Henrichsen grew up in the ’90s. But his mom was obsessed with ’80s bands like Duran Duran and INXS — she even named Michael after the late INXS front man, Michael Hutchence. Her fandom rubbed off on her son. “I love everything about the ’80s,” he says. “The look, the feel, the fashion, the music, the movies.”
After graduating college in 2008, Henrichsen hoped to work in marketing or publicity, but struggled to make inroads. In order to pay student loans, he took a job as a sales associate at a Billabong store in the Seattle suburbs. The job had one major perk: Henrichsen could pass his shifts blasting the ’80s station on satellite radio. One day at work, he was lamenting the low turnout at his recent birthday party. But his mood turned when Idol’s “White Wedding” kicked in on the radio. Noticing the change in his disposition, a co-worker asked, “Why don’t you try to get Billy Idol to play at your birthday party?”
Henrichsen majored in communications, so he knew a thing or two about publicizing a cause. He enlisted celebrities who were passing through Seattle to invite Billy Idol on his behalf. “I’m a nobody,” he says. “But people care about celebrities.” Soon enough, he had Fabio, Pauly Shore, Apolo Ohno, and a dozen others appealing to Billy through videos on YouTube. “Sure enough, the media thought it was hilarious enough to write a story on.”
Media coverage alone wasn’t enough, so Henrichsen started a band and began holding “Billy Idol Aid” charity concerts at a music venue in Seattle. He raised over $10,000. In the summer of 2011, with Henrichsen’s October birthday on the horizon, Idol responded with a video of his own but didn’t commit to a birthday show. “The idea was to have him play a concert,” Henrichsen says. “Not have him send a ten-second video message at a charity event.”
Undeterred, the superfan decided to give the project one more year. By then, he had so impressed some Seattle music promoters that they decided to reach out to Idol’s camp.
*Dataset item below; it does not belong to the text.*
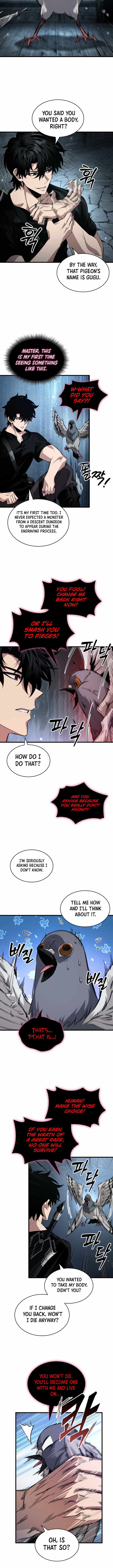 Pick Me Up Ch.204 p4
On the eve of Henrichsen’s 26th birthday in 2012, Idol sent a second video agreeing to play an event with his band. “I completely lost it,” Henrichsen says.
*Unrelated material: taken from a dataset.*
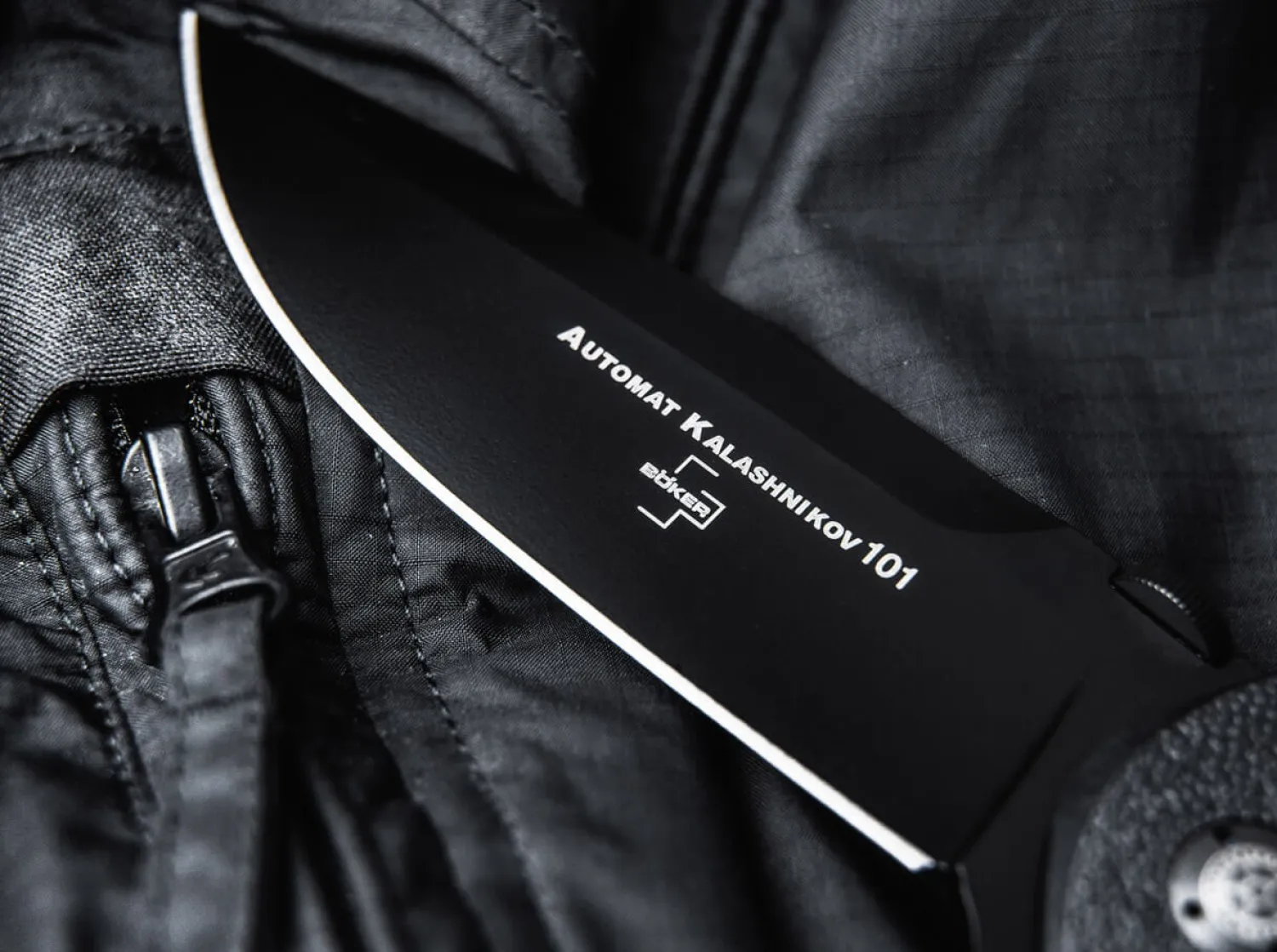 AK101 2.0>Böker Plus Best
Throughout the two years Henrichsen worked on booking Billy, he would go online and see who was discussing his project. Commenters on Reddit would say things like, “Why doesn’t this kid get a job?” Now, thanks to all the publicity he garnered, Henrichsen is working in marketing at the University of Washington in Seattle. He says the Billy Idol project taught him a valuable life lesson: “Don’t listen to people on the internet.”